TV out! TV out! You don't understand how much TV out feature is important for ME! I am running my entire NatAmi hooked into the TV. My TV is my monitor for NatAmi like it is for my A1200.

Thomas Hirsch wrote:

Paula UART   The paula serial port is now working! This allows the NatAmi for the first time to establish full communication to the outside world!         This picture shows AWeb browsing through a ppp connection over the serial port and writing forum posts.           Frame generation .......... ECS, fixed 28MHz pixel clock         SyncZorro Interface ....... preliminary version         Copper .................... fully implemented, with buffered data fetch         Video DMA ................. fully implemented         256 color registers ....... fully implemented         Sprites ................... 16bit linebuffer         blitter ................... basic implementation.

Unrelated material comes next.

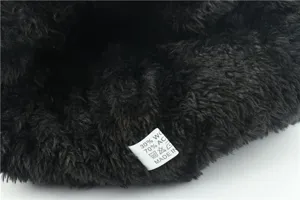 Close-up detail of winter fleece-lined beanie interior showing soft wool blend wash tag.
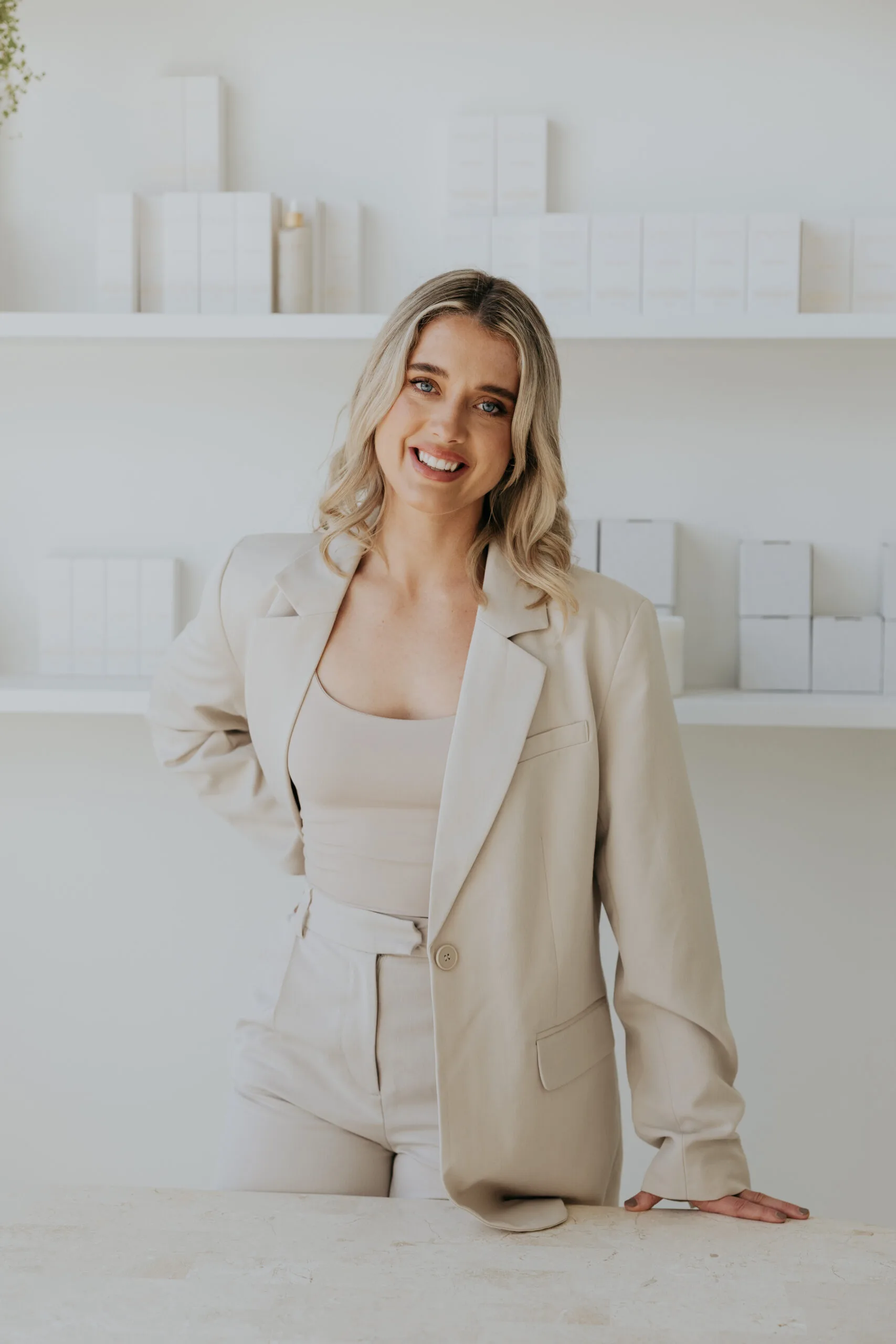 Bethany Mantle standing in an all-white room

Block and fill mode only, line to come         Video priority ............ half implemented         Scandoubler ............... fully implemented         Interrupts ................ fully implemented         Paula DMA control ......... fully implemented         Audio out ................. fully implemented         VGA out ................... working         DVI out ................... o         PCI ....................... o         IDE ....................... fully implemented         CIAs ...................... fully implemented         Disk DMA .................. 880k and 1760k, read only   (new) Serial Port Paula UART .... fully implemented         Slow peripheral I/O ....... fully implemented         (Joy/Mouse/Keyb/PRT/DSK/SER)         PC mouse and kbd support .. o         Fast RAM controller ....... o         Kickstart flash logic ..... o         Battery-backed up clock.... o         15k Video out ............. o         15k Video in .............. o         Audio in .................. o

Curious question about "Video priority ............ half implemented". What is special about it? What if it never fully implemented and the rest of NatAmi is implemented 100%, would it break performance and compatibility? What does it do?